The challenges of melding together the exchange-traded model and the traditional voice-traded OTC derivatives model have moved from the theoretical to the practical as swap execution facilities get underway.

SEFs have been in operation since last fall, but trading on them only has been mandatory since February 18.

The final SEF regulations allow a SEF to utilize “any means of interstate commerce” in providing execution (i.e., an order book or an RFQ System that operates in conjunction with an order book).

This leaves open the question of whether the term “order book” is the same as central limit order book (CLOB). Adapting a CLOB to trading on SEFs presents significant obstacles. The idea of trading swaps in a CLOB, which essentially alters relationship with counterparties, is a somewhat new concept.

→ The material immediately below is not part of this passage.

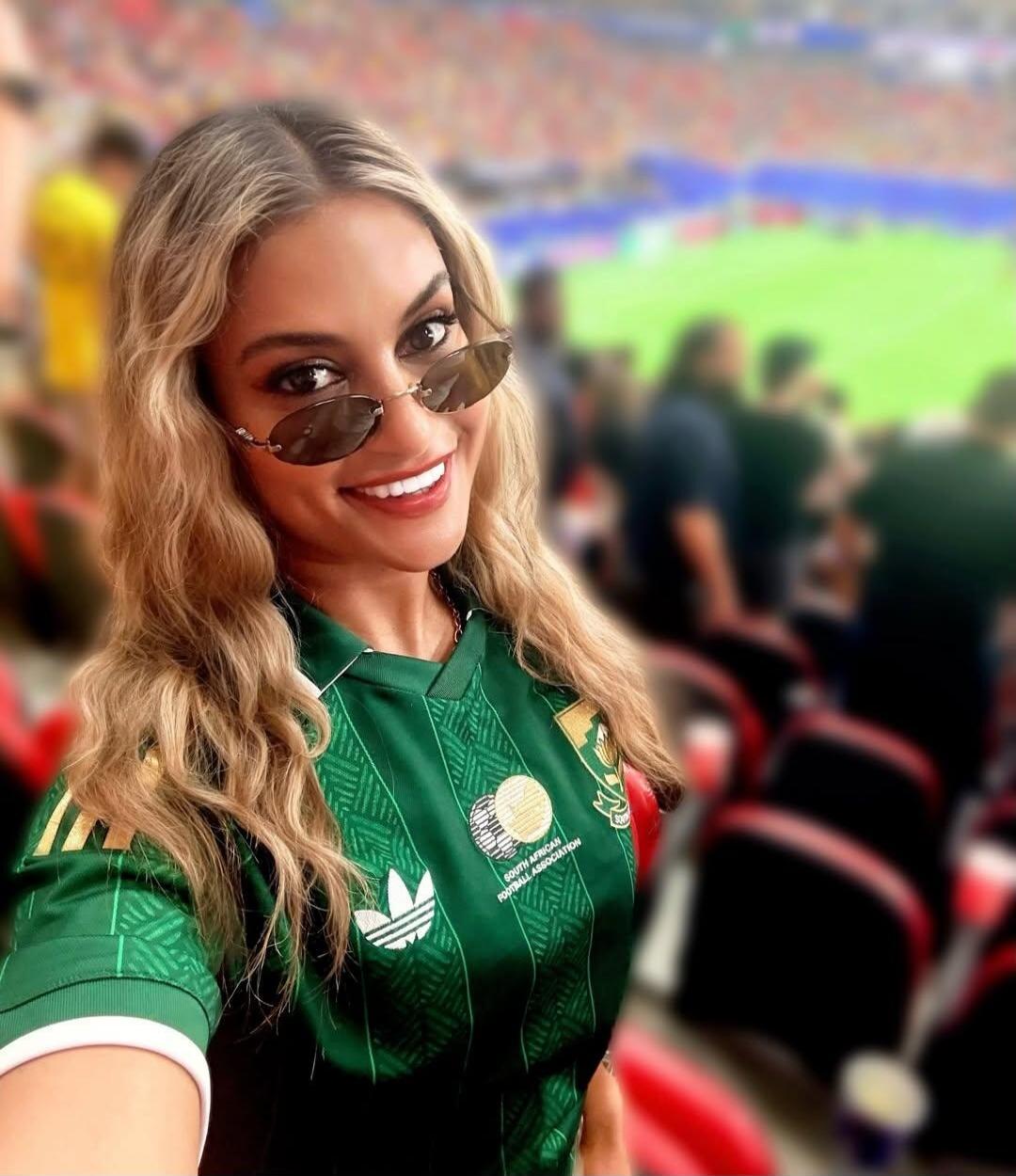A woman with blonde hair and sunglasses is smiling at the camera, wearing a green football jersey with 'SOUTH AFRICAN FOOTBALL ASSOCIATION' and an Adidas logo visible. She is in a stadium with a blurred background showing a sports field and other spectators.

“CLOBs do get a lot of discussion with market participants,” said Chris Amen, head of U. S. institutional rates markets at Tradeweb. “A driver of that dialogue is uncertainty surrounding information leakage and market impact when our clients execute trades electronically. We’re looking at a number of aspects of the swap market that might support large scale participation on CLOBs, but it’s still very early in the adoption of derivatives e-trading.”

Tradeweb operates a fully disclosed marketplace that offers multiple trading protocols, including order book trading. Within that marketplace, its request for quote (RFQ) protocol continues to be the most popular with clients to execute trades electronically as they migrate their swaps trading from voice to SEFs.

“We also have an order book protocol, which is different than a CLOB, where a client can post fully disclosed orders, including company name, notional and limit rate on a ‘Bulletin Board’ of orders that market participants can see and aggress on to execute trades electronically,” Amen said.

Futures commission merchants (FCMs) play a crucial role in not only connecting their clients to SEFs and DCMs (designated contract markets) but in ensuring that clients do not exceed their approved credit risk limits. This need has been fulfilled by post-trade service providers such as Markit and Traiana, as well as by the SEFs themselves.

“In order to guarantee that there would be the margin for the buy side to do the trade every time the SEF would have to ping out to and have the connections to pretty much every single FCM in the world or where the buy side sides have a relationship with,” said Sassan Danesh, partner at Etrading Software, a financial technology consultancy. “And that model has meant that you would have to have the Traianas and the Markits coming in to provide solutions so that it’s much more of a hub and spoke.”

Tradeweb worked proactively with the FCMs, and was the first to launch pre-trade credit check components for its RFQ system, said Amen.

“FCMs have become much more comfortable around pre-trade counterparty credit,” he said. “Clients get approval notifications immediately from the FCM, and the trading process that follows is seamless. We’re working to determine how that pre-trade credit checking process can translate quickly into essentially, an order book. We think FCM’s will get there in the near future, but likely with a select number of accounts. There’s a lot still yet to be determined.”